Meeting a modern-day weaver

Miki Miyajima, Qualified Weaver of Hakata-Ori Textiles

Take the train one stop from JR Hakata Station to Gion, then it’s just a quick stroll from the subway to the Hakata Orikoubou Oriorido. This entire Gokushomachi neighborhood still has the feel of an old Japanese castle town. There’s Touchouji Temple, with a pagoda and the Fukuoka Daibutsu, Japan’s biggest seated wooden Buddha; Shoufukuji, Japan’s first Zen temple; and Joudenji Temple, the place where Hakata-ori, the local form of woven cloth, originated. Against this atmospheric backdrop, I meet Miki Miyajima, a qualified weaver of Hakata-ori textiles. Miki weaves Hakata-ori textiles on a daily basis, chiefly for kimono sashes. As a child she loved to draw and sew, so her current job is a dream come true for her. Like most of the younger generation of Hakata-ori weavers, Miki graduated from Hakata-ori Development College.
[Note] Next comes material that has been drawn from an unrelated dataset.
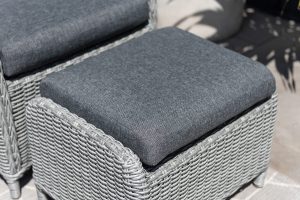 LifestyleGarden Martinique Grey Companion Set | Garden Furniture Online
At the Oriorido, I was surprised to see just what hard work weaving is. It involves using not just both hands, but both feet too. The single-mindedconcentration with which the weavers work—their looms going clickety-clack, clickety-clack—was impressive. “My teachers at college told me that I should sit at my loom all the time, except for when I was eating meals or had to go the toilet,” explains Miki. It’s hard and stressful work, but the crucial thing is to maintain the same rhythm. If your rhythm is off, you end up with irregularities in the cloth. Miki says that although technical level is not quite where she’d like it to be, she made up her mind to do the best she could now and is satisfied with her ability to express herself.
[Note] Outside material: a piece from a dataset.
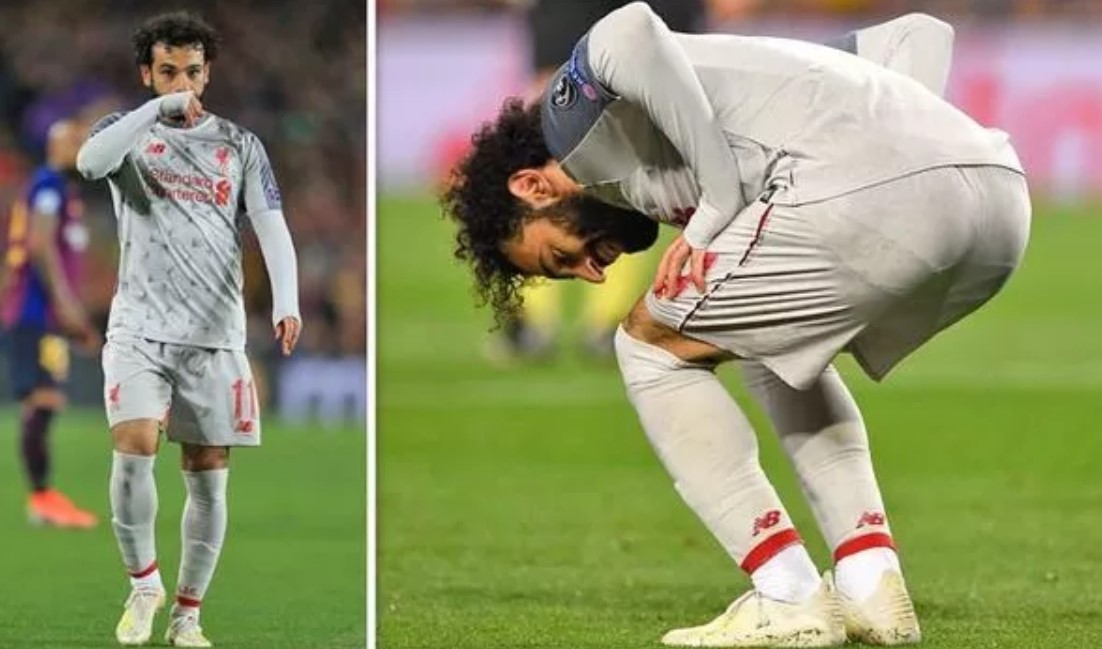 Cận cảnh tình huống bỏ lỡ bàn thắng không tưởng của Mo Salah trước Barca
She’s also a mom. “My son is simply crazy about space,” she explains. “So I ended up getting interested too.” She sometimes watches videos about Japanese astronaut Kouichi Wakata on her laptop while she’s working. She admires his commitment to solving problems by himself. Images she saw on TV of the international space station have had an impact on her work, with geometric patterns working their way into the kimono sashes she makes. For her, the key concepts of Hakata-ori are “sheen” and “air.” Hakata-ori combines a fine warp (vertical thread) with a thicker woof (lateral threads). The woof is not a single thread, but several threads twisted together. Miki believes that these interlaced threads trap air inside them, resulting in a sheen that makes the cloth uniquely beautiful.

As well as watching weavers at work, the Oriorido gives tourists the opportunity to buy kimono sashes and accessories. There’s a range of things for sale including stoles, coasters, tissue cases and fan holders. When Miki is at her loom, she likes to imagine the future owner of whatever it is she is making. “If I’m weaving a kimono sash, then I want to make one that will put whoever wears it in a good mood and boost their self-confidence,” she explains. Miki recently took part in a workshop at the Hakata Traditional Craft and Design Museum. The workshop was about incorporating traditional Hakata arts and crafts into products that will appeal to modern global consumers. Miki teamed up with Japanese and American designers to develop bags made from textiles she had handwoven. It won’t be long until bags made from the cloth she poured her heart and soul into go on sale in Japan and around the world.